= YOUR ASSIGNMENT =
From the records below, copy out exactly the lines from the one containing "6437 Cypressdale Dr - Photo 5 of 26" to the one containing "Zac Lomax of", both included. Add nothing else.

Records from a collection
* * * * *
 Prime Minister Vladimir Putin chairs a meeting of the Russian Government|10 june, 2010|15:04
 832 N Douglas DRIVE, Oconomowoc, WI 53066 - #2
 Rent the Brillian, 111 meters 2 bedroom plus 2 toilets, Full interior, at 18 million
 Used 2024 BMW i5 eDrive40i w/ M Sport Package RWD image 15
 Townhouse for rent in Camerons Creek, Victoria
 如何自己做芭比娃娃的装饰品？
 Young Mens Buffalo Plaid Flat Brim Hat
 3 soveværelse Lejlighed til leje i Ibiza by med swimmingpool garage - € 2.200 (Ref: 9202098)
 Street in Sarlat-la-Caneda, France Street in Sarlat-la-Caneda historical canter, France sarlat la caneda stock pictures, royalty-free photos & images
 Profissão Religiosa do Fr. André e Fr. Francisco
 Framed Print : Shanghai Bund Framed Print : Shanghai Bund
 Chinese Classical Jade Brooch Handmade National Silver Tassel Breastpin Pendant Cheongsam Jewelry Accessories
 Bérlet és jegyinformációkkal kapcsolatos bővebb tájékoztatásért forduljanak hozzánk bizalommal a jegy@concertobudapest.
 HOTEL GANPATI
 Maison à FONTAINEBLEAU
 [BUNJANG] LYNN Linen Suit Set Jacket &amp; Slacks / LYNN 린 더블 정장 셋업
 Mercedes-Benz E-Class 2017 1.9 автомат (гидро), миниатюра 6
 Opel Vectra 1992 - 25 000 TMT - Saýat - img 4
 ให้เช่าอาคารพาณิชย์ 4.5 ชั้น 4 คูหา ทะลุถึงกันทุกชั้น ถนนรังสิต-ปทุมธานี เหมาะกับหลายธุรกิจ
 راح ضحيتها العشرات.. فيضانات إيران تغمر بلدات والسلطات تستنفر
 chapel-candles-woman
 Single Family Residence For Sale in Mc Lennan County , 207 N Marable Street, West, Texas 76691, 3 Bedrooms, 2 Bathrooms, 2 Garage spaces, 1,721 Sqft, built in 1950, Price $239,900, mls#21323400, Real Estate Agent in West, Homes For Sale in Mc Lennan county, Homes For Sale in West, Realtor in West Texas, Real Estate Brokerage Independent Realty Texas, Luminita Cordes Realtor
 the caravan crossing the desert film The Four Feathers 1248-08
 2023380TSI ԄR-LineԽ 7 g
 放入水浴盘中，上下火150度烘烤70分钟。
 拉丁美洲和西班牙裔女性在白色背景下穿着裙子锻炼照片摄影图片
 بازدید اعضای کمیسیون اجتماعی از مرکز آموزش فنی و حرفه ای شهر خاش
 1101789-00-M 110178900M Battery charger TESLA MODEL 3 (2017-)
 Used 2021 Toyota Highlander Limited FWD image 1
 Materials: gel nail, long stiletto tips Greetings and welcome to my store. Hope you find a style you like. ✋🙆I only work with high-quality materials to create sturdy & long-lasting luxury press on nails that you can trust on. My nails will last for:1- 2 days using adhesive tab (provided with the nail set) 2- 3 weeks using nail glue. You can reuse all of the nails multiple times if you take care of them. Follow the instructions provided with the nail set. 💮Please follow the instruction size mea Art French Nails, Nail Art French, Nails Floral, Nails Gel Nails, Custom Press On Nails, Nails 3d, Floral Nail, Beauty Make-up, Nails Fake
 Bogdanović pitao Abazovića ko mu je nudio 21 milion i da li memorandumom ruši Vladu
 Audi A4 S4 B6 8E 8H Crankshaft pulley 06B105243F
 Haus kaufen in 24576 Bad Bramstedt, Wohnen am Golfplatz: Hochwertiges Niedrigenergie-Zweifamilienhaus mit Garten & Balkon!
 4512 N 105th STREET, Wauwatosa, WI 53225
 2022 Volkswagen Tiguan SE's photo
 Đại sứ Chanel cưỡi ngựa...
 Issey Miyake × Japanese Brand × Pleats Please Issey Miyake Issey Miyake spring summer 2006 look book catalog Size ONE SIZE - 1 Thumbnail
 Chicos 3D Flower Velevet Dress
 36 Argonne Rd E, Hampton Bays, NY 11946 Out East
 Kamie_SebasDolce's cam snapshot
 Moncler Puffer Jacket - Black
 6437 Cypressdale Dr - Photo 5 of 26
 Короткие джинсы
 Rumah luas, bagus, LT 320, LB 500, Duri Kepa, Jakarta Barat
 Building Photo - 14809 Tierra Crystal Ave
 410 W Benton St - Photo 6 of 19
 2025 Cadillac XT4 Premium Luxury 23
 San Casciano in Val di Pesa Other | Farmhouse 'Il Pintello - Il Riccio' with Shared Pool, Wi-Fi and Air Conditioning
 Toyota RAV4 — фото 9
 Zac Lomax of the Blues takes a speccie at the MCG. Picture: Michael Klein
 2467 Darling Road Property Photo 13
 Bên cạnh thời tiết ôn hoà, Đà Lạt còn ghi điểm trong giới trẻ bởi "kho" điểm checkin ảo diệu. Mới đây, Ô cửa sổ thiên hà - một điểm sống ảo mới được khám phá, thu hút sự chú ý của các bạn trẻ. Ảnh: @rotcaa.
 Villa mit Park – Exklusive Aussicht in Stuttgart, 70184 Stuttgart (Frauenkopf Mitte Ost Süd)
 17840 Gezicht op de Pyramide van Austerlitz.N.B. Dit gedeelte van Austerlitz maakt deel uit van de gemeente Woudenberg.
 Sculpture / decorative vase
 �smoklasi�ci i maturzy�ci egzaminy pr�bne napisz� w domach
* * * * *
= ANSWER FOR THIS EXERCISE =
 6437 Cypressdale Dr - Photo 5 of 26
 Короткие джинсы
 Rumah luas, bagus, LT 320, LB 500, Duri Kepa, Jakarta Barat
 Building Photo - 14809 Tierra Crystal Ave
 410 W Benton St - Photo 6 of 19
 2025 Cadillac XT4 Premium Luxury 23
 San Casciano in Val di Pesa Other | Farmhouse 'Il Pintello - Il Riccio' with Shared Pool, Wi-Fi and Air Conditioning
 Toyota RAV4 — фото 9
 Zac Lomax of the Blues takes a speccie at the MCG. Picture: Michael Klein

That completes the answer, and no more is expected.